Leave the pictures out and write out exactly the lines from the top of the entries through the line containing "Бардачок (вещевой ящик)".

(Beginning of SUPPLIED MATERIAL)

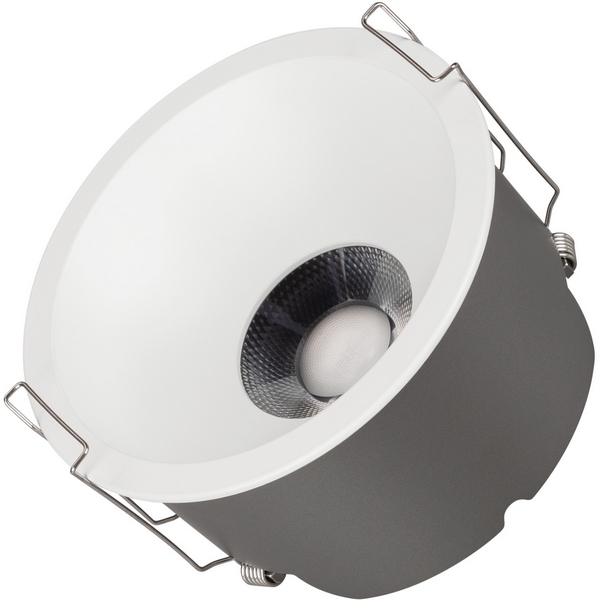 Встраиваемый точечный светильник MS-HARBOR-R123-20W Warm3000 (WH, 50 deg, 230V) (Arlight, IP20 Металл, 5 лет) 048272, HARBOR 048272
Встраиваемый точечный светильник MS-HARBOR-R123-20W Warm3000 (WH, 50 deg, 230V) (Arlight, IP20 Металл, 5 лет) 048272, HARBOR 048272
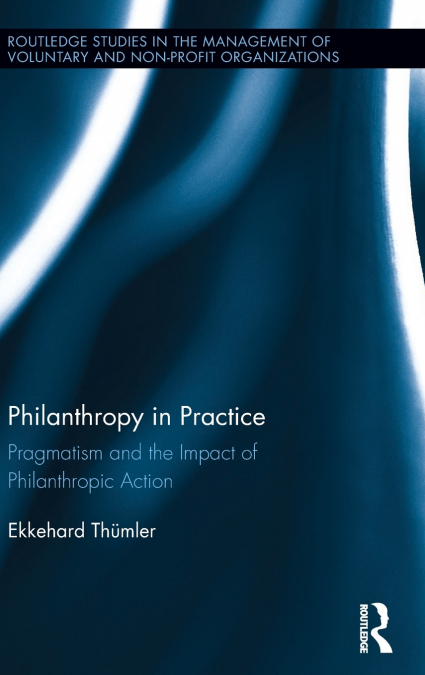 Philanthropy in Practice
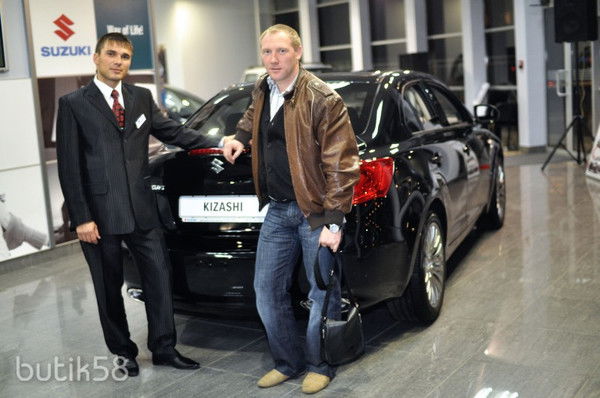 Алексей Единственный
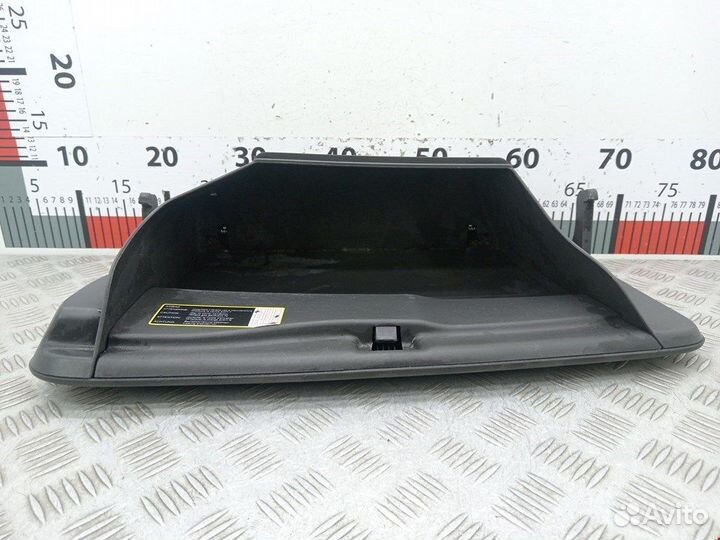 Бардачок (вещевой ящик) для Fiat Punto 2 (188)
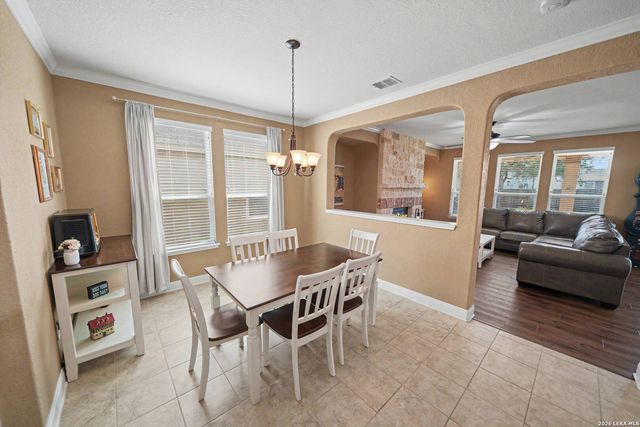 13326 CHALK HL, San Antonio, TX 78253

(End of SUPPLIED MATERIAL)

[TASK RESPONSE]
 Встраиваемый точечный светильник MS-HARBOR-R123-20W Warm3000 (WH, 50 deg, 230V) (Arlight, IP20 Металл, 5 лет) 048272, HARBOR 048272
Встраиваемый точечный светильник MS-HARBOR-R123-20W Warm3000 (WH, 50 deg, 230V) (Arlight, IP20 Металл, 5 лет) 048272, HARBOR 048272
 Philanthropy in Practice
 Алексей Единственный
 Бардачок (вещевой ящик) для Fiat Punto 2 (188)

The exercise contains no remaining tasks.